Let's see if we can help you work this out on your own. First of all, can you determine what the state of the circuit is at quiescence (that is, with no input signal)? I'm assuming you're familiar with basic transistor theory, here.

 

[mmzaj]

well , here is a detailed DC analysis :

5=I_{B_{1}}R_{3}+V_{BE}+(\beta_{1}+1)R_{5}(I_{B_{1}}+I_{B_{2}})

and

5=I_{B_{1}}R_{4}+V_{BE}+(\beta_{2}+1)R_{5}(I_{B_{1}}+I_{B_{2}})

but because R_{3}=R_{4}=:R obviously :

I_{B_{1}}=I_{B_{2}}=:I_{B}

(( and \beta_{1}=\beta_{2}=:\beta assuming Q1 , Q2 are matched ))

and

5-0.7=(R+2(\beta+1)R_{5})I_{B}

hence

I_{B}=\frac{4.3}{R+2(\beta+1)R_{5}}

applying KVL to the outer loop :

12=2\beta R_{2}I_{B}+V_{CE_{1}}+2(\beta+1)I_{B}R_{5}

12=2\beta R_{2}I_{B}+V_{CE_{2}}+ \beta I_{B} R_{6}+2(\beta+1)I_{B}R_{5}

we have I_{b} , and we can find V_{CE_{1}},V_{CE_{2}} , and the rest of Is and Vs .

 

[negitron]

Nicely done.

Now, what happens to the output when you apply a signal which gradually increases in, say, +0.5 V increments to P2? We'll bypass P1 for now, since we just want to observe what happens at various instantaneous input voltage levels.

(I'll be off to bed now, so take your time!)

 

[mmzaj]

sadly , i don't have a scanner in order to upload my work , so i have to post it using latex , and man , it's sooo painful !

anyways , i'am not sure i got it right here , i neglected the effect of the capacitors , and didn't switch to AC small signal analysis !

let V @ P2 be V_{i}

then V_{i}=V_{BE_{1}}+(\beta +1)R_{5}(I_{B_{1}}+I_{B_{2}})

5=I_{B_{2}}R_{4}+V_{BE_{2}}+(\beta_{2}+1)R_{5}(I_{B_{1}} +I_{B_{2}})

=>5=I_{B_{2}}R_{4}+V_{i}

but 5=I_{B_{1}}R_{3}+V_{i}

=> I_{B_{1}}=I_{B_{2}}=:I_{B}

now

V_{CE_{2}}=12-(2\beta R_{2}+\beta R_{6}+2(\beta +1)R_{5})I_{B} = 12-\frac{(2\beta R_{2}+\beta R_{6}+2(\beta +1)R_{5})(5-V_{i})}{R_{3}}

let \frac{2\beta R_{2}+\beta R_{6}+2(\beta +1)R_{5}}{R_{3}}=:X

V_{E}=2(\beta +1)R_{5}I_{B}=\frac{2(\beta +1)R_{5}(5-V_{i})}{R_{3}}

let \frac{2(\beta +1)R_{5}}{R_{3}}=:Y

V_{C_{2}}=V_{E}+V_{CE_{2}}=12+(Y-X)(5-V_{i})

i don't have the data sheet of the 2N3904 - yet!- in order to obtain \beta , but clearly X>Y ... =>

V_{o} =V_{C_{2}}=A+gV_{i} where A is a DC offset , and g is some sort of a gain !

bare with me friend , i'am a detailed person !

 

[Bob S]

However, you need to look at the bias arrangements to see the real picture.
Those 1K resistors are very small and will hold the transistors deeply in saturation.

So, the small signal analysis doesn't really apply.
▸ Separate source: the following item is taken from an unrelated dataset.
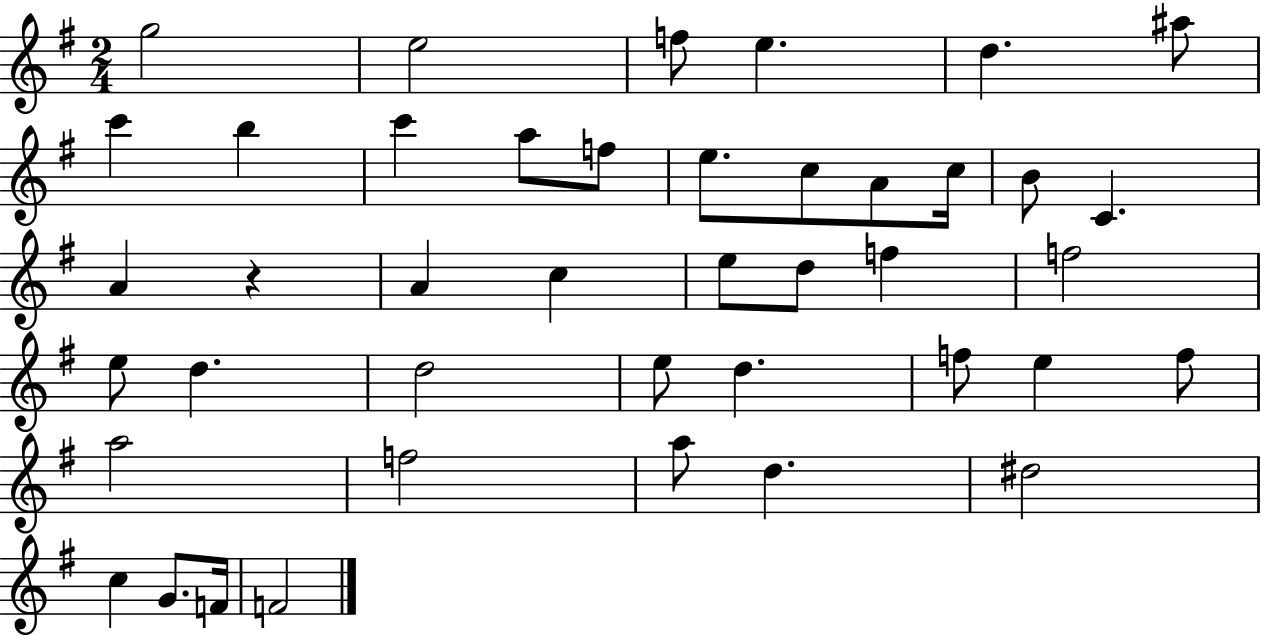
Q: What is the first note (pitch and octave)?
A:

This is a large signal circuit and will tend to poduce square wave output.

Not quite true. Both bases are approx the same voltage (but there should be a pot to balance small offsets). The voltage across R5 (820 ohms) is about 4.3 volts, so current is about 5.2 mA. This current is split between the two transistors equally. The voltage across R2 (27 ohms) is about 0.14 volts, and across R6 (820 ohms) is about 2.15 volts. So Q2 and by inference Q1 are both in the middle of their linear range. Good small signal amplifier.

 

[vk6kro]

Yes, sorry. I missed the 5V supply for the 1 Ks.